AA-A : L’objet de ces cercles est la culture de l’amitié et de la convivialité. On n’y adhère pas pour étoffer son carnet d’adresses qui est censé être bien rempli au moment où l’impétrant présente sa candidature. Pour ma part, je n’ai pas le souvenir d’y avoir jamais échangé de carte de visite. Il n’est pas impossible, en revanche, qu’à l’issue des rencontres qui s’y font, des affaires se fassent à l’extérieur. En principe, cependant, et ce dans l’ensemble des cercles parisiens, les échanges de papiers sont proscrits ou du moins fortement découragés. Souvent, les membres sont invités à laisser leurs serviettes ou autres pochettes à documentation à l’accueil afin d’y pénétrer les mains vides. On ne devient pas membre d’un cercle pour faire des affaires ; il y a des business clubs pour ça. Néanmoins, il n’est pas interdit à table ou au bar de recevoir des invités dans un contexte professionnel, vouloir faire des affaires ne doit juste pas être la motivation première d’adhésion.
GS : Le monde du luxe et des affaires s’est internationalisé. Cela vous paraît-il se refléter dans la sociologie de ces clubs ?
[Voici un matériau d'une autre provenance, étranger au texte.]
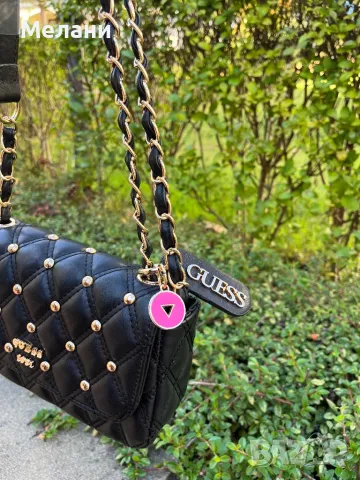 Нови дамски чанти Guess топ качество, снимка 2 - Чанти - 47498628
AA-A : Ça dépend des cercles. Il y a des cercles qui sont fortement orientés vers l’international comme le Travellers où statutairement un certain pourcentage des membres doit être des étrangers même si une telle répartition n’est plus appliquée à la lettre de nos jours. D’autres cercles comme l’Interalliée sont le lieu de prédilection des membres du corps diplomatique basés à Paris. L’internationalisation se manifeste également par le biais des cercles correspondants à l’étranger qui autorisent leur fréquentation par les membres correspondants. La plupart des cercles parisiens dispose de correspondants dans les principales villes du monde où des cercles similaires existent.